News and Awards

Our integral genomic signature study for precision oncology published in Nature Communications

Low-cost multi-omics sequencing is expected to become clinical routine and transform precision oncology. Viable computational methods that can facilitate tailored intervention while tolerating sequencing biases are in high demand. In this study, we develop an integral genomic signature —iGenSig— approach to predict drug responses using multi-omics data from tumour samples, and validate this approach using genomic datasets from six clinical studies and clinical trials. iGenSig will provide a computational framework to empower tailored cancer therapy based on multi-omics data.

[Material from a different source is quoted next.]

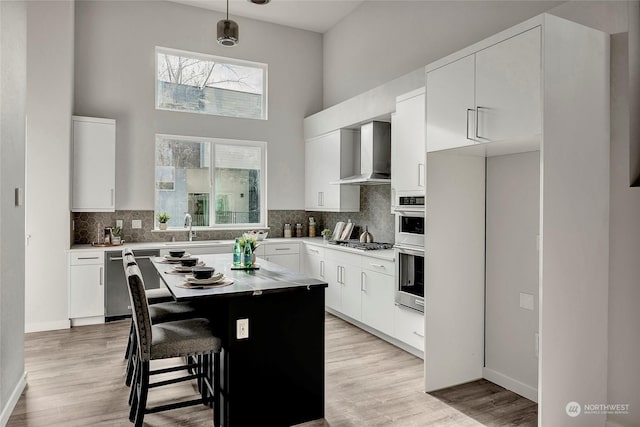 8904 NE 173rd Pl Unit B, Bothell, WA 98011 - kitchen with wall chimney exhaust hood, appliances with stainless steel finishes, a sink, a towering ceiling, and decorative backsplash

Schematic showing the principle and key features of iGenSig modeling: i) the iGenSig approach intentionally retains and creates redundant genomic features, a concept like the use of redundant steel rods to reinforce the pillars of a building. ii) iGenSig modeling utilizes the average correlation intensities of significant genomic features detected in specific samples to diminish the effect of false positive detection resulting from sequencing errors and prevent overweighing. iii) iGenSig modeling extract the second genomic information from unlabeled genomic datasets for large cohorts of human cancers, in addition to the labeled genomic datasets of drug sensitivity, which will substantially improve its cross-dataset applicability, particularly on clinical trial datasets. iv) iGenSig modeling is a white box approach, thus will be more interpretable and controllable than machine learning or deep learning approaches.